T tax dilemma

To the editor:

I sympathize with Grant Goodman’s Sept. 27 letter against the transit sales taxes. It is unfortunate this proposed funding for the T is a regressive tax. It’s also unfortunate the City Commission declined to continue the T’s mill-levy funding.

A number of people tried to prevent events from turning out that way. Those of us who are now endorsing the two sales taxes to keep public transit alive in Lawrence had this debate among ourselves and with our own consciences. Many of us decided, however, that most of those same persons who would be unfairly burdened by a sales tax, would suffer even greater harm if the T disappeared. In a mobile and spread-out society such as ours, lack of transportation is a major handicap to almost all aspects of people’s lives. Try handing your car keys to a friend and asking them to swear they won’t return them for a week, no matter how insistently you demand it.
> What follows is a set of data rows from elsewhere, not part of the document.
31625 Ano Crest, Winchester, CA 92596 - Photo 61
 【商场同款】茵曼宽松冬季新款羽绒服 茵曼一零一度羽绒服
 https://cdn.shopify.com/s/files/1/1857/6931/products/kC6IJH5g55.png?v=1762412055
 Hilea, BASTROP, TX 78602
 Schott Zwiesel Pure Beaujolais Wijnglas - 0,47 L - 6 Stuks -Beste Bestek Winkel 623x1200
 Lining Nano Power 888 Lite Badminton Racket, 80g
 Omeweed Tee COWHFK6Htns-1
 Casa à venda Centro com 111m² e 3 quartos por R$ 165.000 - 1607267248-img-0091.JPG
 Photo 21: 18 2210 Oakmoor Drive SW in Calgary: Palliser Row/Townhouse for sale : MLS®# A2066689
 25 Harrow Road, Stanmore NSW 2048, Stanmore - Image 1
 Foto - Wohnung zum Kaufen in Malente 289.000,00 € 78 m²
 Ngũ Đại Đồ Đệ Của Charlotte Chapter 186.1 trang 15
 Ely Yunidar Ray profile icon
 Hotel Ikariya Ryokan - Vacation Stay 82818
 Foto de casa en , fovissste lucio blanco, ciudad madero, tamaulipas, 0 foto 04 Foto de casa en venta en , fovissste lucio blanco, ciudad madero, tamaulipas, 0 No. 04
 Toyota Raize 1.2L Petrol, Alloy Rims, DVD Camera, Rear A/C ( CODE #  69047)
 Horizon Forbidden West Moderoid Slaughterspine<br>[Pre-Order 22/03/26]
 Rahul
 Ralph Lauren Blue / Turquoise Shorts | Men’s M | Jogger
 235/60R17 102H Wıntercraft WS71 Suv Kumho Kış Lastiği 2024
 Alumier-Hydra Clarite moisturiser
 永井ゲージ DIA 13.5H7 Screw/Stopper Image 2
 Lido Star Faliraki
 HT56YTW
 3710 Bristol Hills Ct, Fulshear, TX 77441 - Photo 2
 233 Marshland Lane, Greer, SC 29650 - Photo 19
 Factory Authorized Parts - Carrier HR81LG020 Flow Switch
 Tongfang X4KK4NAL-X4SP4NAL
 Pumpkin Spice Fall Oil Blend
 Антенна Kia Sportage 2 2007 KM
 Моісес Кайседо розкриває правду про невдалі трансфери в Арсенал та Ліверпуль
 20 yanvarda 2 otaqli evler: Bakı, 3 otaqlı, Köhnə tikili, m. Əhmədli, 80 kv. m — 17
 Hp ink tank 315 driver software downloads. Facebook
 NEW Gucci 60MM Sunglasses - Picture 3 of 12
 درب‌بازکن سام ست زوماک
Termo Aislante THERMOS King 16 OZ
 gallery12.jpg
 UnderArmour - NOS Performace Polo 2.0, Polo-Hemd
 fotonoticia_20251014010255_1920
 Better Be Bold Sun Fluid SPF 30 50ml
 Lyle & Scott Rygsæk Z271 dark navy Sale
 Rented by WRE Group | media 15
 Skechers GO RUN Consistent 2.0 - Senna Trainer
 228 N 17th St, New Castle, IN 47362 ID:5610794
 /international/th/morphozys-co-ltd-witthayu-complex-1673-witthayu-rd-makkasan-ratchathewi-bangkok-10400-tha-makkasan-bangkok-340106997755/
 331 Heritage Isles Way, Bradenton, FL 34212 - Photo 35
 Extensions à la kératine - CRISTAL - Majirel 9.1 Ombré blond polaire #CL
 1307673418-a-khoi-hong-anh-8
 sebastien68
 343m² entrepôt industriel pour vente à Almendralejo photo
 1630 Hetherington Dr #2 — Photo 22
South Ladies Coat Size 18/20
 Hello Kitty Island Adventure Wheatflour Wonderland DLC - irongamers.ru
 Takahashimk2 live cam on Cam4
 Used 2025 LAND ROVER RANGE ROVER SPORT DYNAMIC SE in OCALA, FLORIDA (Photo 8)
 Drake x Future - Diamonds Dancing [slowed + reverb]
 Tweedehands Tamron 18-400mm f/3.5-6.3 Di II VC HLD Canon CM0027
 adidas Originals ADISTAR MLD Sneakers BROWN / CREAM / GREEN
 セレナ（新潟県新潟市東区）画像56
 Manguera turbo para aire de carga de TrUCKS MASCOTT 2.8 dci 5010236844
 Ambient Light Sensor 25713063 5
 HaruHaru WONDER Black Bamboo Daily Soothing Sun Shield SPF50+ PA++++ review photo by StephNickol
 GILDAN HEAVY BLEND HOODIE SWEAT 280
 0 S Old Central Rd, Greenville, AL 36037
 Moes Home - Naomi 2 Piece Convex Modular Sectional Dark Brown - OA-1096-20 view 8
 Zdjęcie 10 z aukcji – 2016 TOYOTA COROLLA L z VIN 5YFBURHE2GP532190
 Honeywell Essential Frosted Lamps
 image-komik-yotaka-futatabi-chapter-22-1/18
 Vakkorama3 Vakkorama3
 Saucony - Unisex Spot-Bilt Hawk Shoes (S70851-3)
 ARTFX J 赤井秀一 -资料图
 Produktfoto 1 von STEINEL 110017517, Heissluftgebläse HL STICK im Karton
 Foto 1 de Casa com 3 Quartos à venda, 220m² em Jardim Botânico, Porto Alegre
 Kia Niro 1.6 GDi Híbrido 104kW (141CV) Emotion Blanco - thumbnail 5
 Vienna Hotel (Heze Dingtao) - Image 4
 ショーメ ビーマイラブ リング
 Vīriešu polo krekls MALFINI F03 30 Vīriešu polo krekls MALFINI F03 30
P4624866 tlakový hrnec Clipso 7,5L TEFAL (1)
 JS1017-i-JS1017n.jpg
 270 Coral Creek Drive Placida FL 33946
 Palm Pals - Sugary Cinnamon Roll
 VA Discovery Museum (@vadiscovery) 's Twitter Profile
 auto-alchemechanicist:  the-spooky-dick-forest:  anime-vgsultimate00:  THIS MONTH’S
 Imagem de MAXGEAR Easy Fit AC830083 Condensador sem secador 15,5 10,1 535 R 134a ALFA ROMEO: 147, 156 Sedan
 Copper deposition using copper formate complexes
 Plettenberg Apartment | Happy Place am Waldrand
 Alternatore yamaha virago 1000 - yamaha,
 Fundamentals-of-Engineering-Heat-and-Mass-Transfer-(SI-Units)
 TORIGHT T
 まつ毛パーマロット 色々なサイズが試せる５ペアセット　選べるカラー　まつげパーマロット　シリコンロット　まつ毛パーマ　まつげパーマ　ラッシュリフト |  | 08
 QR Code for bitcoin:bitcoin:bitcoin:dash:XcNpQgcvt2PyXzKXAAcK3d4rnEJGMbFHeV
The City Commission made a major mistake in cutting the T out of its 2009 budget, but I don’t want to punish the innocent who will be hurt most by that failing. Since the commissioners now seem willing to take steps to fix that error, I feel I must support that effort.

I don’t want to belittle Mr. Goodman’s opinion or that of others who share it. I simply wanted to offer the perspective of someone who has struggled with this moral conflict himself, and come to a different conclusion.